FSB Northern Ireland: View from the Chair for August

Amidst the recrimination and angst since the Brexit Referendum, many suggestions have emerged as to how post-Brexit arrangements might work. Unfortunately, most of these seem to put the cart before the horse; proposing mechanisms to service an outcome without prior agreement as to the overarching principles that determine the nature of that outcome.

Favourite amongst these has been the panacea of “technological solutions”, a simple phrase that may, indeed, feature within the eventual delivery but that ignores the reality that technology is there to serve our ends, not to master them. There has been talk of “i-pads in lorry cabs”; online processes; scanning; and much else, but little reference to the regime that would be policed by this technology. For what sort of customs and border would these mechanisms deliver solutions?

Before designing the engine and running gear, we need to know what sort of vessel we are propelling – otherwise there is a very real danger that it will sink rather than fly. In essence, we need an outline agreement on how the Republic of Ireland and the United Kingdom will co-exist and, for FSB members here, we need to understand Northern Ireland’s role within that new paradigm.

When entering a negotiation, most skilled operators will have their ZOPA and their BATNA their Zone of Possible Agreement and their Best Alternative to Negotiated Agreement. As we approach the next round of UK-EU negotiations, the UK Government has now taken the initiative to publish its post-Brexit proposals for Northern Ireland – essentially outlining what it hopes is the zone of possible agreement in which all parties will find space to occupy.

The picture they have painted is more impressionist than realist – an attempt to create a general impression of the relationships that the Government would like to see in operation, unfettered by the need to produce a detailed depiction of the eventual settlement. Some critics of this approach have already rejected the paper as imaginative idealization (or worse); however, in its favour, the paper does at least provide a vision of how the only terrestrial interface between the EU and the UK might operate – in broad brush.

It is generally accepted amongst the business community that avoiding a hard border between Northern Ireland and the Republic is crucially important. This position paper recognises that need, accepting that businesses must be able to continue to have access to the workers and skills they need, including those who travel across the border for work every day. To address this, the paper proposes continued freedom of movement for people along the lines of the Common Travel Area – open borders between Great Britain, Northern Ireland, Ireland, the Isle of Man, and the Channel Islands. It also recognises the need for easy trade across the border, especially for goods which criss-cross it in the course of the production process; and the paper also recognises the role of EU funds within the peace process and offers to commit to retain or replace them.

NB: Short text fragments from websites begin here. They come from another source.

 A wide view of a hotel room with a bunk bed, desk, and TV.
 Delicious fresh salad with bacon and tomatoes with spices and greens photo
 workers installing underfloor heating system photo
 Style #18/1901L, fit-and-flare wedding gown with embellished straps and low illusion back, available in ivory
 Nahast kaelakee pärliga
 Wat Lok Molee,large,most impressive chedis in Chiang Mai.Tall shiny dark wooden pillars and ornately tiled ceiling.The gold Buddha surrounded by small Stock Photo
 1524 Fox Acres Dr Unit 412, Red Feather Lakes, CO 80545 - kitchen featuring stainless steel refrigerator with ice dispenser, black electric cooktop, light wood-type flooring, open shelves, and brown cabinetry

Underpinning all of this, the proposals embrace the need for any solution to uphold the Belfast/Good Friday Agreement.

Clearly, the Government recognises the unique nature of the issues created at the land border on this island and believes that its proposals offer solutions to keep the border frictionless for the routine movement of people and goods. They have stated that, ahead of further negotiations, their proposals deliberately don’t proffer detailed potential solutions and they accept that they do not yet go far enough to meet the objective of trade across the land border being as seamless and frictionless as possible, but this is to invite further collaborative work with the negotiation partners to achieve that objective.

There is still a long way to go before agreement is reached with the EU but perhaps the Government’s ‘impressionist’ approach will give enough of the picture to allow the other negotiation parties to add to it and remain firmly within the ZOPA. Businesses want certainty as soon as possible and, at this stage, there is no sense of any viable alternative to negotiated agreement, let alone so many to choose from that a best one could be identified.